3dLabs OpenGL 2.0 Specs!!!

this could be an excellent idea.

you’ll need a .PDF reader. http://www.3dlabs.com/opengl/ogl2.pdf

so what do you think about this?

BTW: i posted this on the beginner forum so as anyone could reply…

[This message has been edited by no-one (edited 09-24-2001).]

personally it doesnt look like they extended it far enuf to me, i hope they dont rush it and cock it up

I like the looks of it. Especially the C-based shader language pseudocode. Imagine real-time RenderMan style stuff on consumer hardware! I’m picturing a simple framework like current OpenGL programs but where all of the work is done in strings of shader language programs. Or, even better, compilers for these shader languages that do it all for you, you just write the shader program.

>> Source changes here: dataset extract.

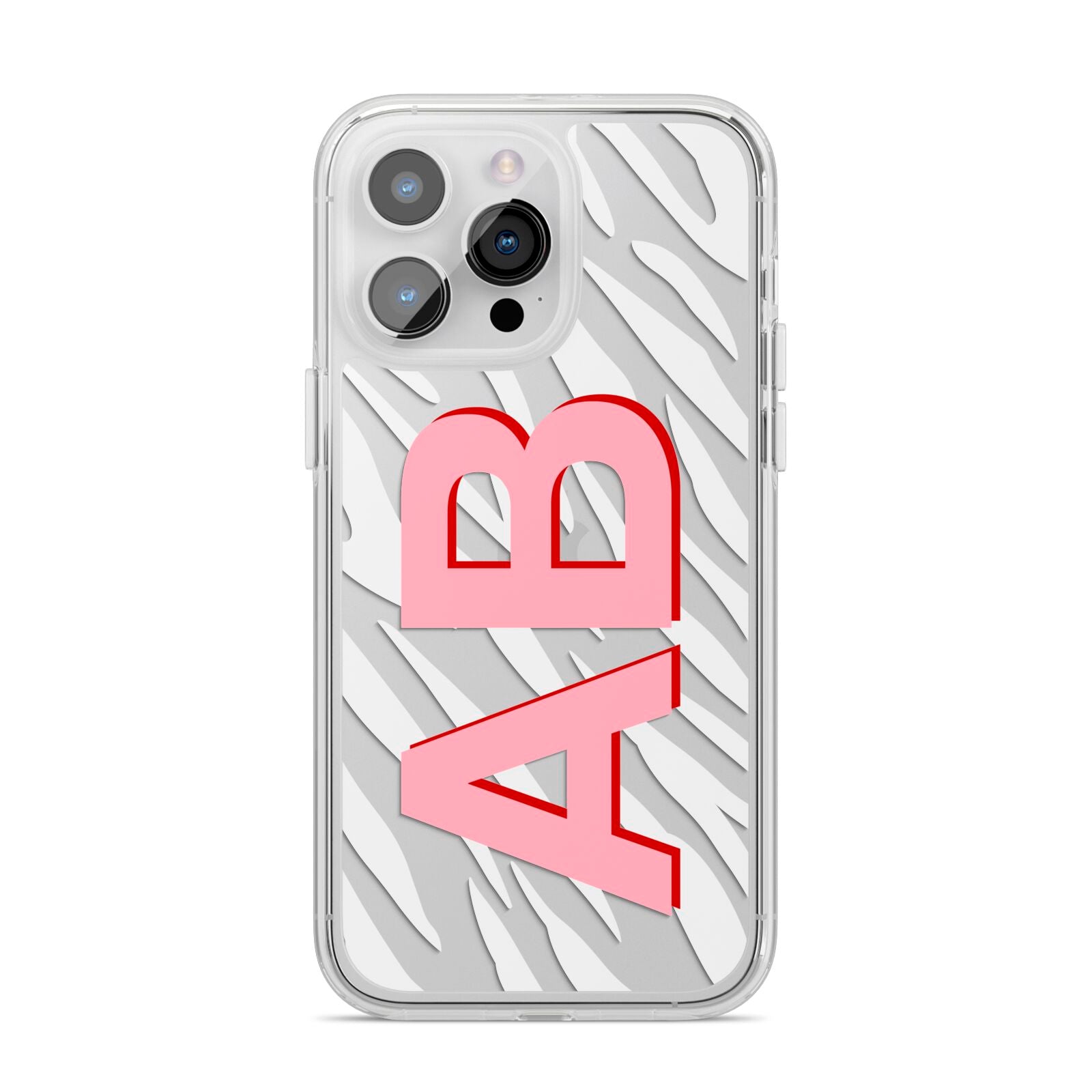 Zebra Initials iPhone 14 Pro Max Clear Tough Case Silver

I don’t like the idea of a huge SDK, DX style but maybe that’s what we need. Like zed, I hope they don’t rush it, but on the other hand, it’s long overdue and if something like this isn’t done soon, it may be too late. OpenGL 2.0 may be the kick in the teeth to DirectX that we all hope for.

BTW, what sort of further work would you like to see, zed?

I like it. I also agree with them that it would be nice to have something to work towards rather than extending OpenGL with vendor specific stuff ad nauseam. I also think better memory management and more fine grained synchronisation (like NV_fence) is desperately needed. And a standard fragment shading language would be really cool, although it might not be feasible right now, since the hw is so diverse. For vertex shading, it probably is though, a standard vertex shader extension would be nice. I would guess that the driver writers don’t really like the timing parts of the memory management though, having to report semi accurate timing estimates will probably be a pain for them.

I’m not sure if hardware independence is really what most HW vendors would like to have. If you look at the cards available now you’ll see that there are quite a number of features unique to each card (e.g. HiLo Textures for GeForce3, matrox has this strange head casting thing).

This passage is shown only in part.